Jack Detsch
The U.S. State Department is planning to expand the number of officials dedicated to monitoring China, a bid to track Beijing’s growing footprint in key countries around the world. The changes, which could include adding between 20 to 30 staff members, would include a boost for regional China “watch” officers: a category of officials first created during the Trump administration to track Beijing’s activities around the world under the State Department’s regional bureaus.
The effort to carve out a more central China desk at State, termed “China House” by some in Washington, follows a move at the U.S. Defense Department to create a central hub to handle Washington and Beijing’s military relationship. The State Department initiative would add officers in both Washington as well as to embassies around the world to monitor China’s activities in specific countries, according to current and former officials familiar with the matter.
One official said the State Department is also looking at adding more staff to track China’s procurement of emerging technologies and efforts to tackle climate change. A State Department spokesperson declined to comment.
Changes at Foggy Bottom come as U.S. President Joe Biden’s administration seeks to pivot away from two decades of costly Middle East wars to long-term global competition with China. In his debut presidential address at the United Nations General Assembly on Tuesday, Biden vowed to “compete vigorously” with other major powers but said Washington was “not seeking a new Cold War or a world divided into rigid blocs.” He did not mention China by name.
The first cadre of China officers at the State Department was deployed in 2019. But the advent of the program caused infighting during the early years of the Trump administration, one former senior Trump administration official told Foreign Policy. Some senior diplomats who opposed a more confrontational approach to China pushed back on the idea of designating “China watch officers.” Susan Thornton, the former top acting State Department envoy for East Asia from 2017 to 2018, called the program a “bad idea.”
The program “takes people assigned to embassies around the world and tasks them with ‘watching’ what China is doing in that country,” Thornton said. “It gives rise to the kind of hype and distortions that we see now around Chinese activities, which is why I thought it was a bad idea.”
“This isn’t the only or even the main impetus for current distortion, but it’s a contributor,” she added.
After Thornton’s departure, the program advanced as the State Department tried to catch up with the Justice Department and the Treasury Department, which were ramping up efforts to target sanctions more effectively against China and blunt Chinese espionage operations. The CIA has also weighed plans to establish its own special unit to address Chinese espionage, Bloomberg reported in August, shedding light on how U.S. national security bureaucracies are adapting to a new era of U.S. geopolitical competition with Beijing.

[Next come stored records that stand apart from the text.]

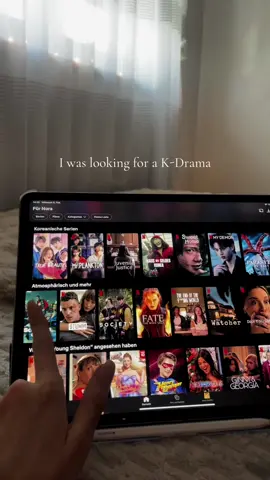 K-Drama Content area 🙈#foryoupage #foryou #fyp #Myname #kdrama #loveit #netflix 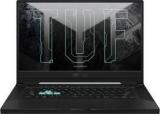 Asus TUF Dash F15 Core I5 11th Gen FX516PE HN089TS Gaming Laptop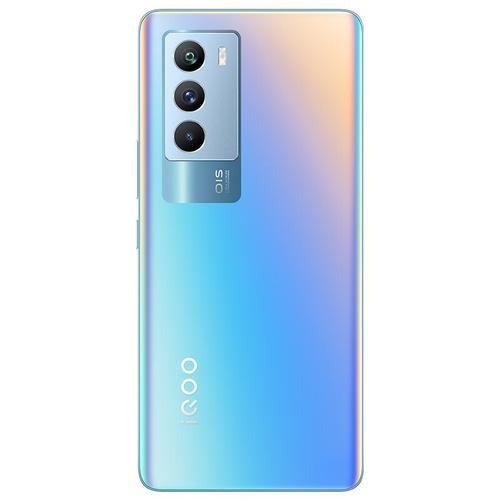 vivo iqoo z3 全网通值得买吗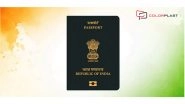 Business News | India Launches Chip-Based EPassports: Colorplast Proud Partner to the Government to Power the Future of Travel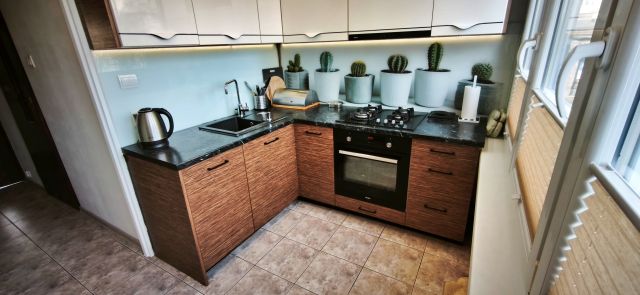 Mieszkanie 3-pokojowe Piotrków Trybunalski, ul. Romana Dmowskiego. Zdjęcie 18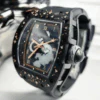 Реплика часов Cronus Art C29 Dreams — фото товара LuxuryWatch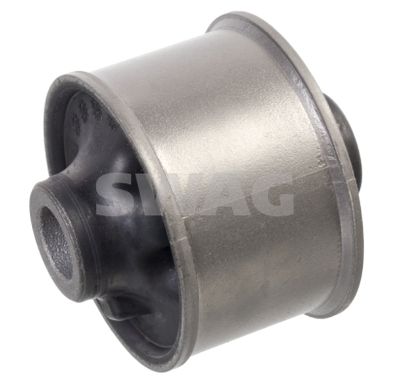 Piekare, Šķērssvira SWAG 50 10 7779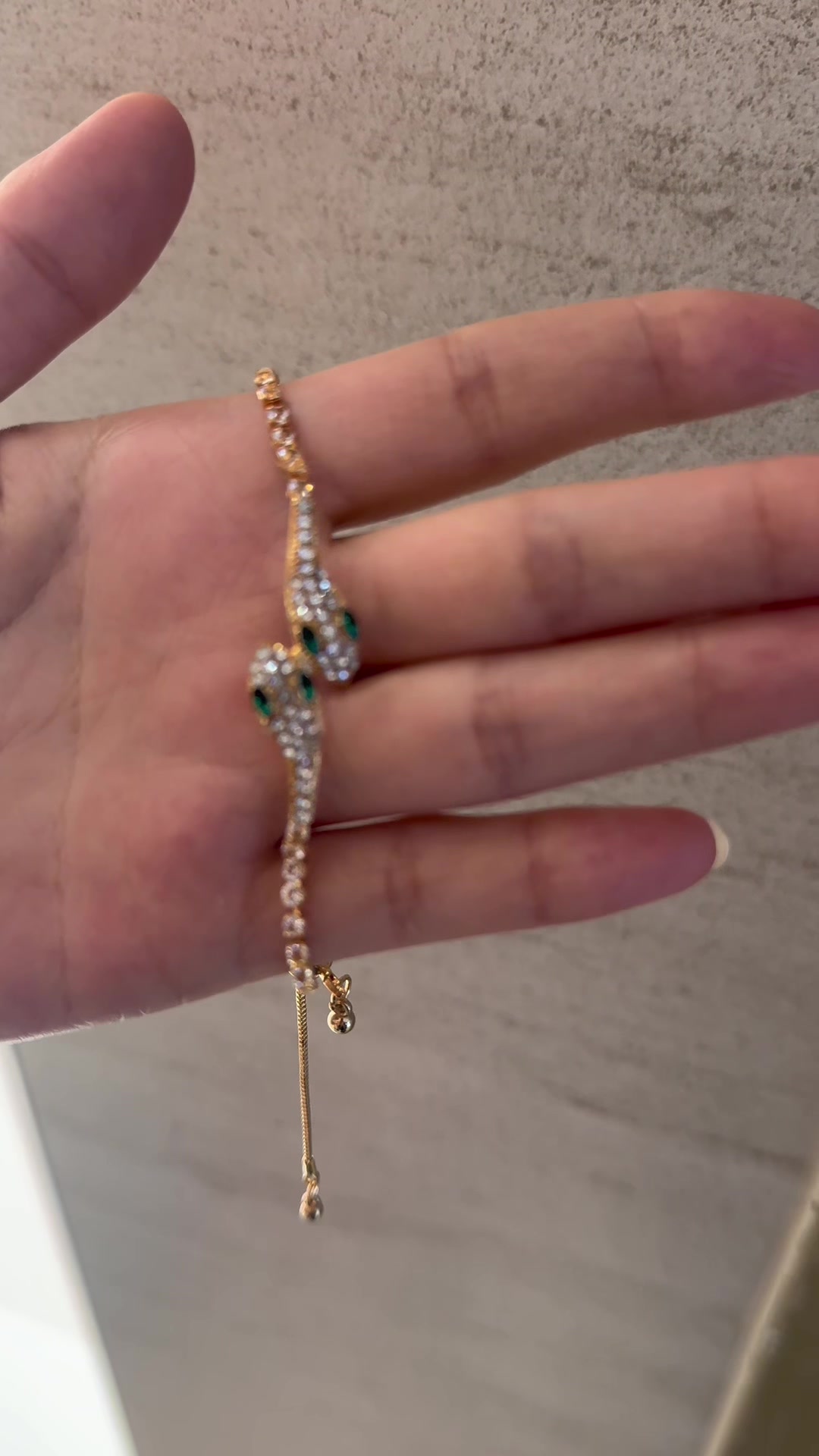 @Mira Jewelry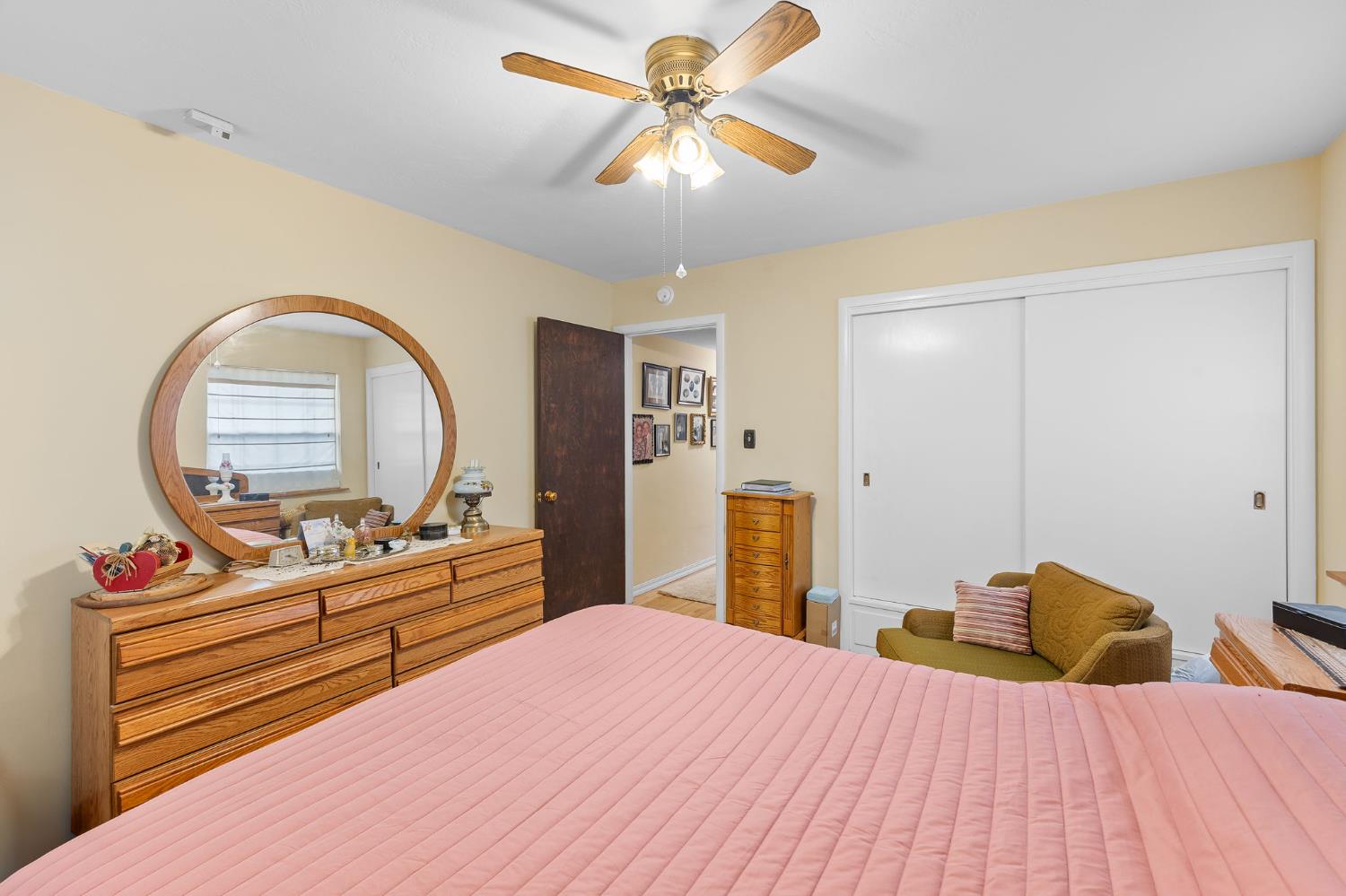 401 Gibson Road Woodland, CA 95695 - Photo 28 of 44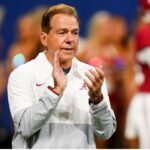 bama c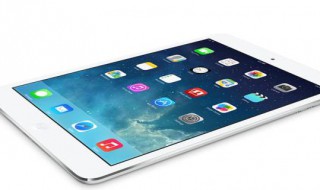 Ipad2声音有杂音怎么办 ipad的声音有杂音怎么回事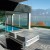 Swing Kama - Stof Missoni Home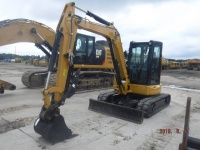 caterpillar-cr501755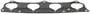 Elring Intake Manifold Gasket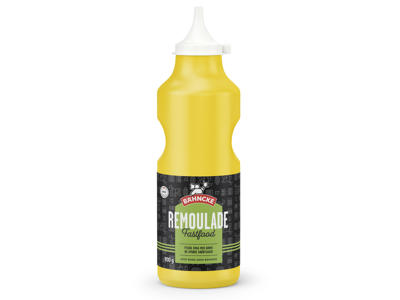 Bähncke Remoulade - 900 g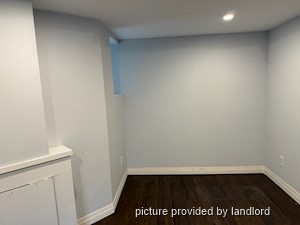 2 Bedroom apartment for rent in TORONTO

“If you’re building sanctions packages against Chinese targets, you need to be able to do it. If you’re trying to sort through intel to tell you whether a United Front organization is structured this way or that way, you need people who have the proper expertise, and they need the proper tools,” the former senior Trump administration official said. “The State Department’s China desk has never been structured for any of that.”
“This was just a whole posture that didn’t exist on China because effectively, in historical terms, until yesterday, we were still thinking that China wants to be our friend,” the former official added.
The new State Department program is aimed at herding officials who work on China across various federal government agencies, patterned after interagency programs to coordinate counterterrorism efforts. Some critics of the program worry it could give the State Department a myopic view of China that could inflate China’s influence and unnecessarily hype U.S.-China tensions. They also worry it could add a new layer of bureaucracy to an already cumbersome system.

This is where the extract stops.